PROBLEM REQUIREMENTS:
When a picture appears in the listing, leave it out and copy the rest exactly as it stands.

DATA EXTRACT:
......

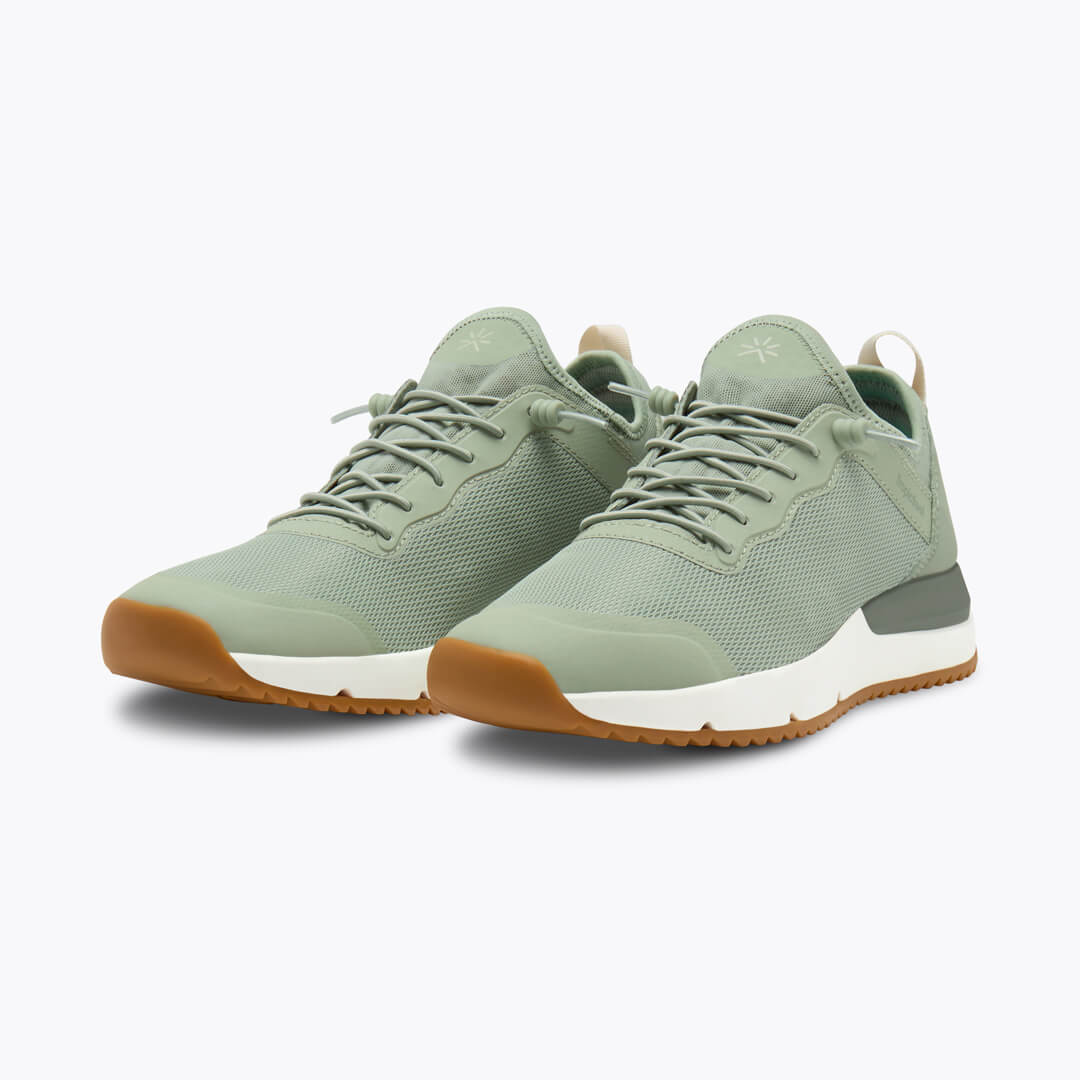 Tropicfeel Canyon - The Travel Sneaker - Storming Gravity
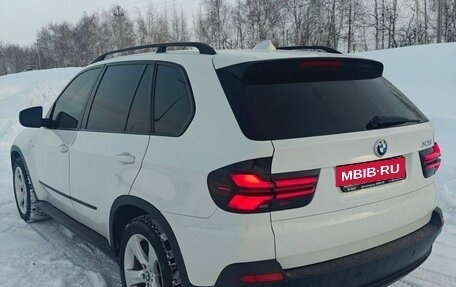 BMW X5, 2007 год, 1 590 000 рублей, 2 фотография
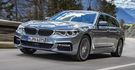 2017 BMW 5-Series Touring(NEW) 530i M Sport  第1張縮圖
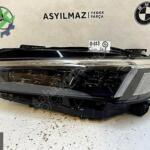 CİVİC FE1 SOL FAR ORJİNAL (HATASIZ)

......

WORKED SOLUTION:
 Tropicfeel Canyon - The Travel Sneaker - Storming Gravity
 BMW X5, 2007 год, 1 590 000 рублей, 2 фотография
 2017 BMW 5-Series Touring(NEW) 530i M Sport  第1張縮圖
 CİVİC FE1 SOL FAR ORJİNAL (HATASIZ)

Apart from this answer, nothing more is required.